Contenus à très haute valeur ajoutée, format disruptif et aucun jour/homme à vendre !

Les évangélistes ne sont pas des consultants. Ils ne portent pas de costumes, ne disent pas aux clients ce qu’ils souhaitent entendre, ne font pas de slides, n’ont pas de titres hiérarchiques, ne sont pas corporates, refusent le bullshit, ne sont pas politiquement corrects, n’ont pas intérêt à vendre des missions de consulting, ni à favoriser leurs partenaires. Ils ont une très grande liberté sur leurs convictions et parlent à tout le monde de la même manière : aussi bien aux personnes en stage en entreprise qu’aux cadres dirigeants. On ne leur demande pas de vendre les produits de la société qui les emploie : simplement de raconter, de simplifier, de conceptualiser pour mettre en mouvement leur auditoire et inspirer. Ce ne sont pas des publicitaires non plus, ils cherchent avant tout à diffuser leurs convictions même et surtout si elles sont à contre courant.
Ils ont un format de prédilection : le talk. A la manière des ted talks américains, ils interviennent sur scène ou en petits comités dans les entreprises, diffusent leurs idées sur Youtube et Twitter, à la télévision, certains écrivent des livres et des articles. Au lieu d’accompagner les entreprises avec du conseil sur la durée, ils délivrent des contenus de très haute valeur ajoutée en un temps très concentré : souvent une heure voire deux. Ils engagent leur auditoire avec des analogies simples, des émotions et une vision forte sur des sujets stratégiques pour les entreprises.
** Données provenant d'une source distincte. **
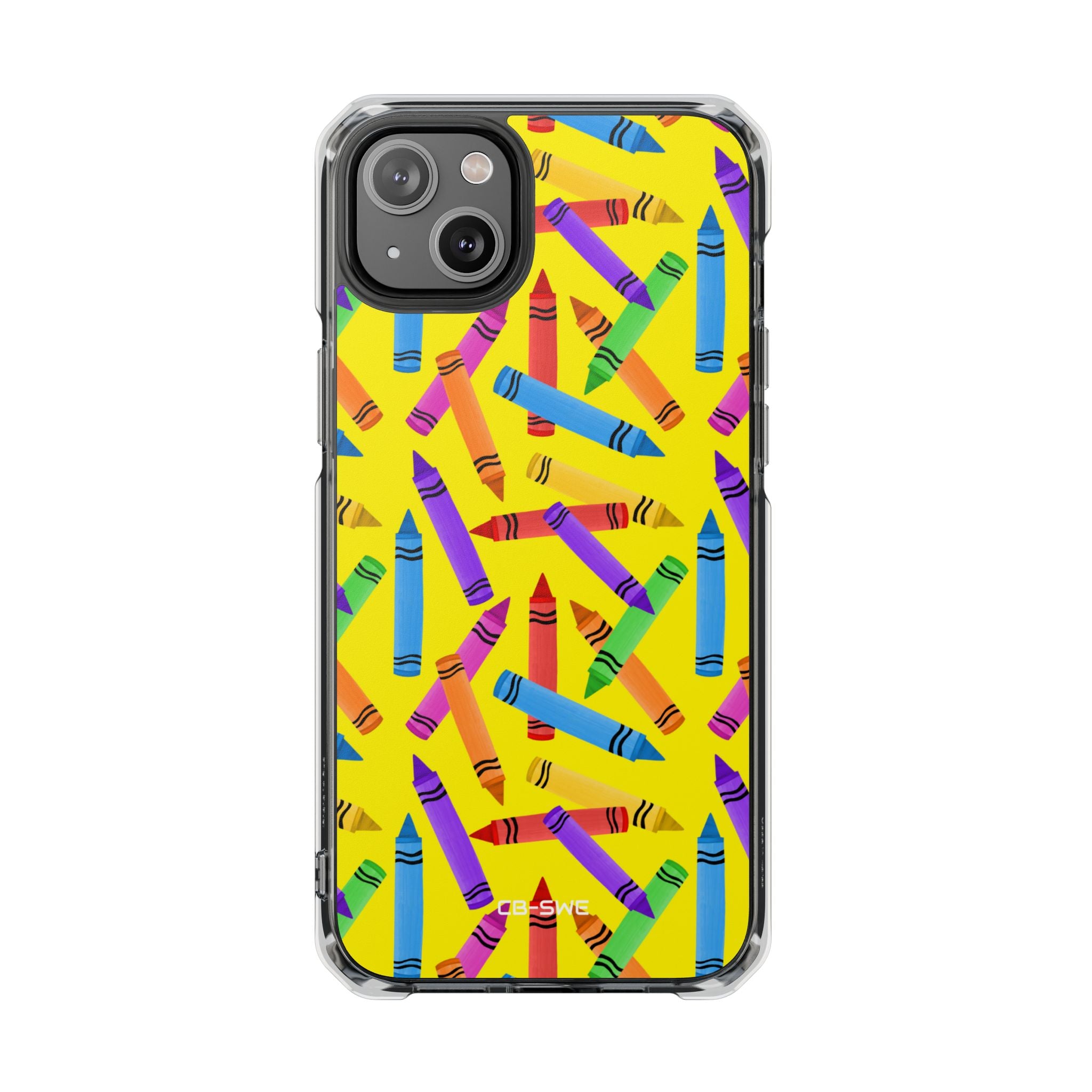 Crayons Scatter Playfully iPhone Case - Impact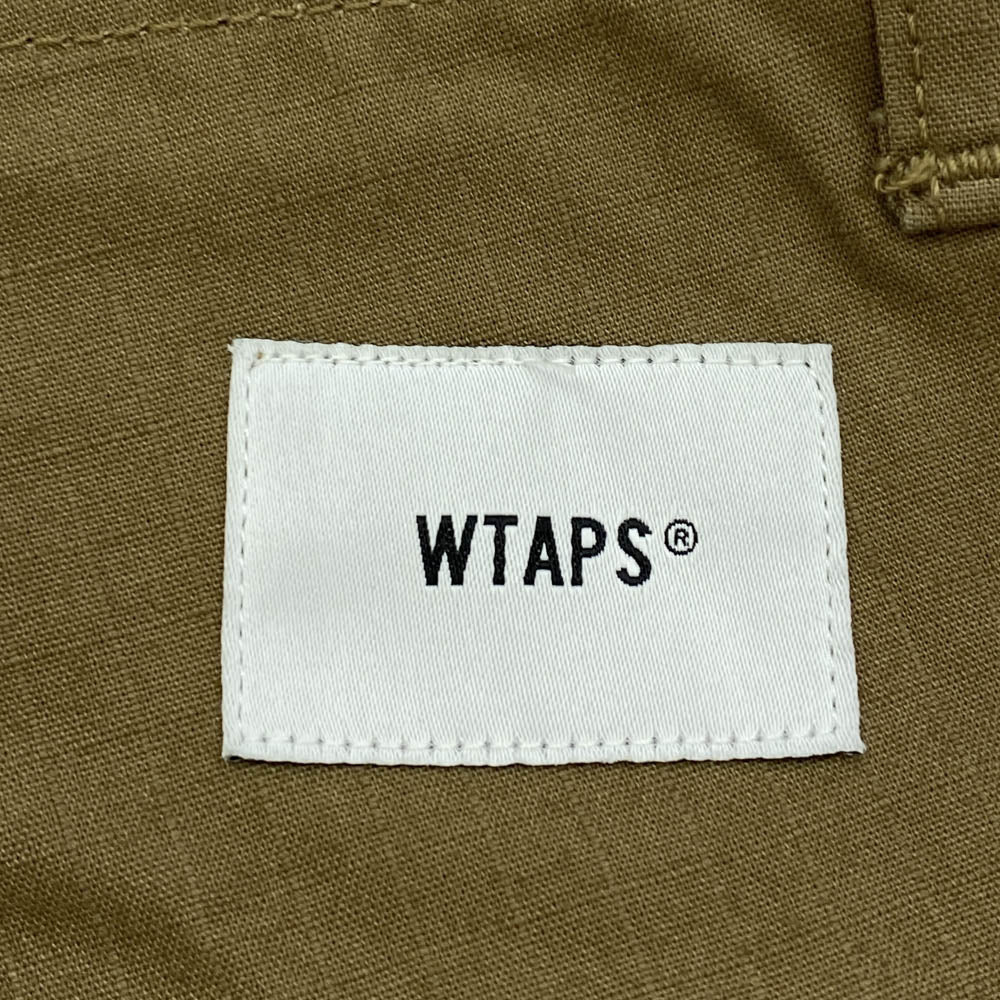 WTAPS ダブルタップス 21SS 211BRDT-PTM05 CARGO  SHORTS  COTTON RIPSTOP カーゴ ショーツ ショート パンツ ブラウン系 1【中古】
Interconnectés dans un écosystème d’experts

Les évangélistes sont des hubs, ils connectent tous les experts sur leur sujets pour se créer des convictions fortes. Ils travaillent en étroite collaboration avec les tous les maillons de la chaîne d’un sujet: aussi bien les laboratoires de R&D que les forces de vente. Ils passent un temps considérable à ingurgiter de la connaissance, dans les livres, les publications scientifiques, les vidéos Youtube…Ils sculptent cette connaissance pour la délivrer de manière fluide.
Ils doivent être capables de se plonger dans la technique pour pouvoir expliquer et raconter des faits, puis ajouter leurs convictions et leurs. Pas question de raconter ce qui est déjà disponible et accessible partout. Les évangélistes doivent pouvoir apporter des concepts nouveaux qui vont influencer des mindsets et donc le changement. Ils passent du temps auprès de leur audience qu’elle soit en ligne ou In Real Life pour sentir l’impact de leurs messages et détecter les prochains signaux.
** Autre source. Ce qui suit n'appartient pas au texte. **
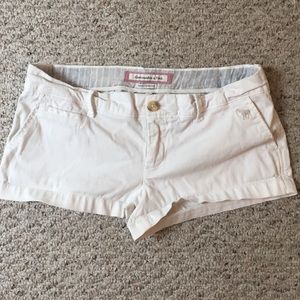 Abercrombie Off White Twill Shorts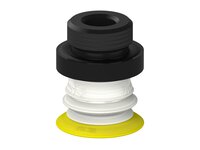 Przysawka piGRIP, warga elastyczna, Ø28 mm, TPE 30°, 1 mieszek, podstawa typ 1, G1/2" zew., filtr siatkowy, FDA (G.FX28T30.B1.S1.G12M.01.FDA) (9939650) - Piab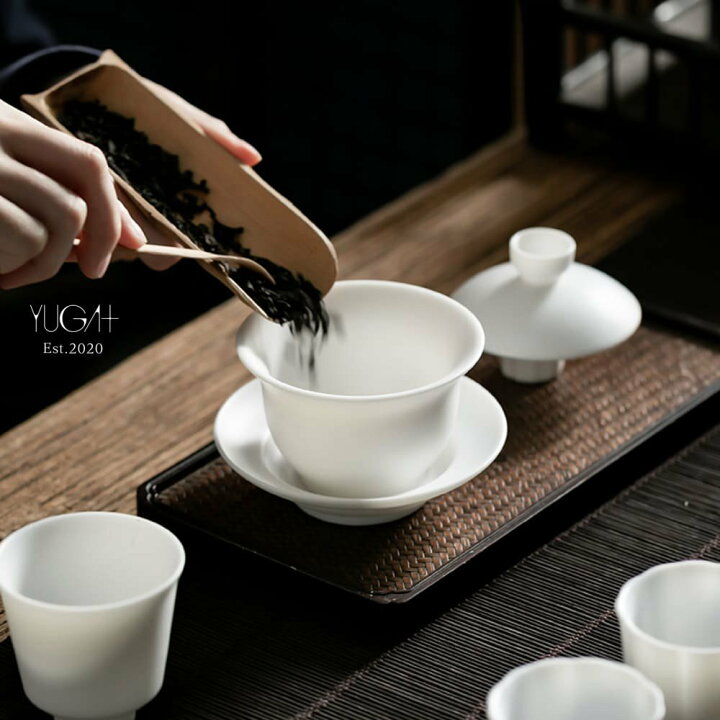 楽天市場】｛YUGA +｝徳化窯白磁【 蓋碗】 中国三大古磁都 高級茶器 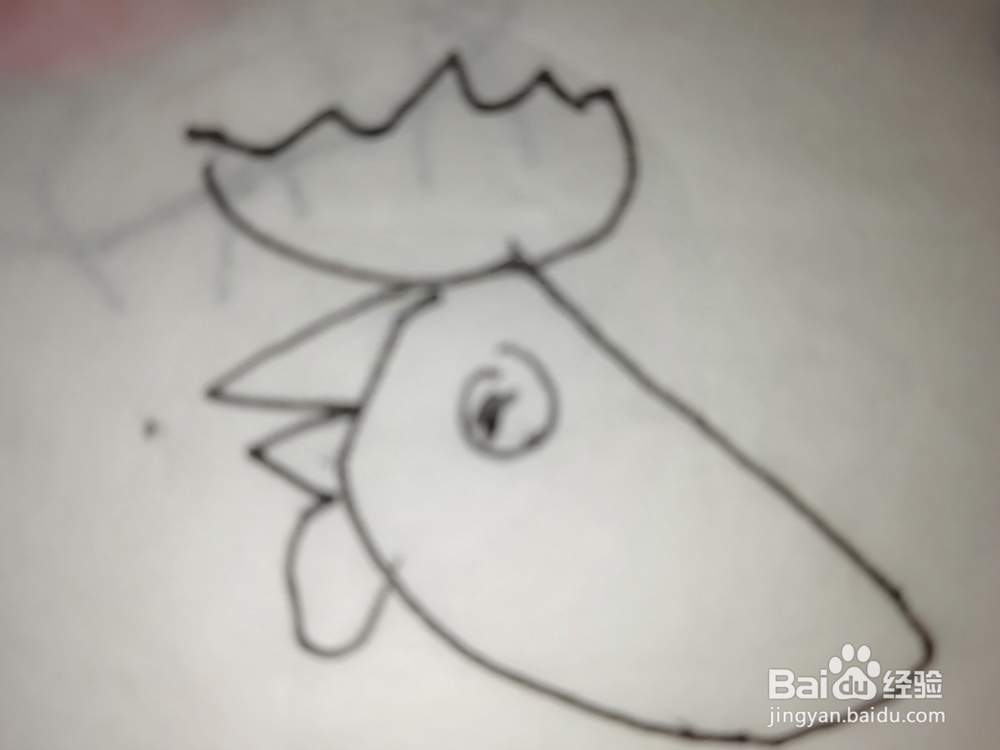 怎么样用简笔画画公鸡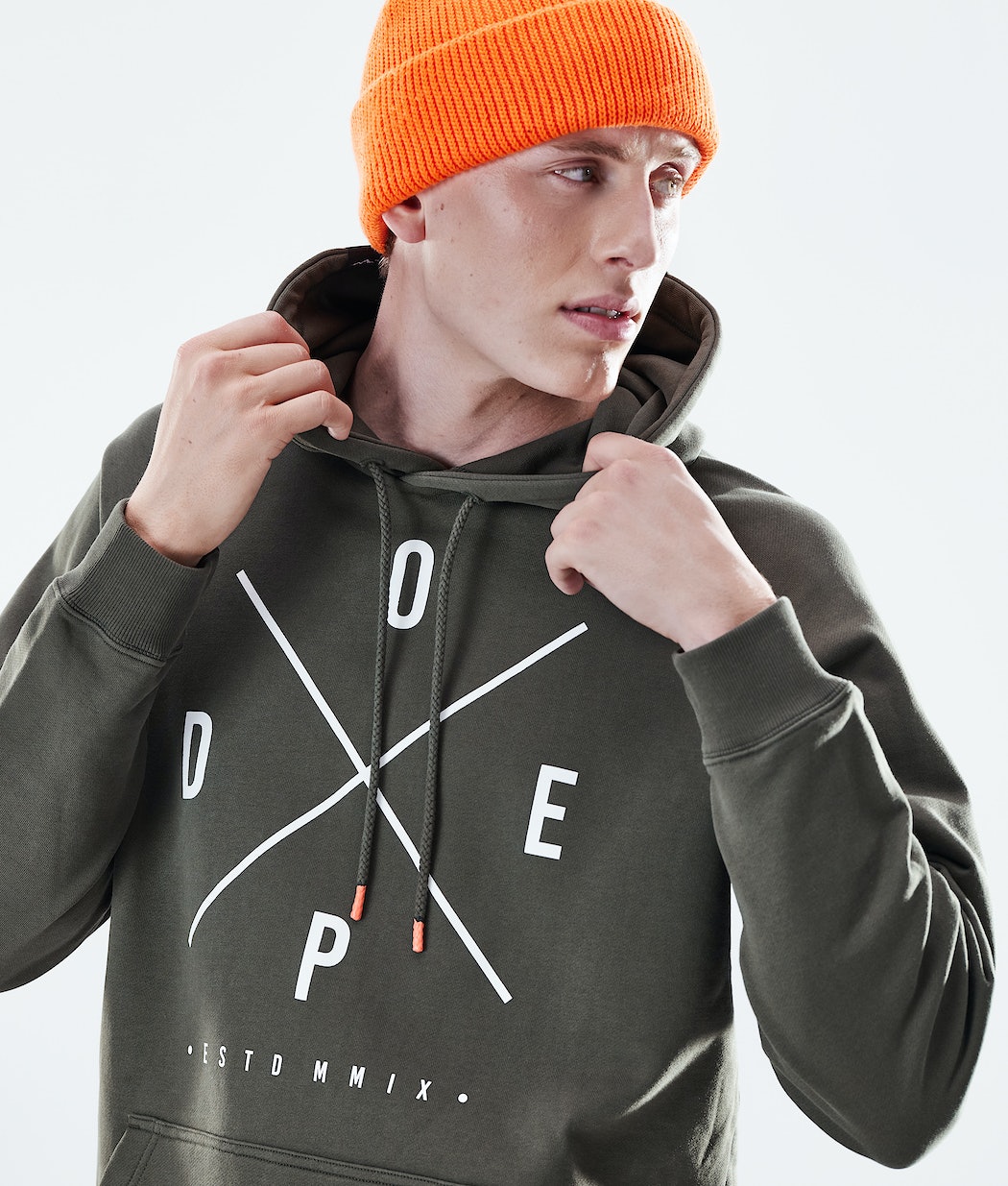 Sudadera Dope Daily 2X-UP Hombre Verde Oliva Verde | 506-MXLBYO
Le marché des évangélistes est très récent en Europe mais se développe très vite. C’est un nouveau métier du digital qui arrive principalement par les startups et les speakers bureaux. Dans les prochaines années, les entreprises innovantes équiperont leurs directions générales d’un Chief Evangelist Officer pour aller au contact de manière décontractée avec leurs équipes et leurs clients.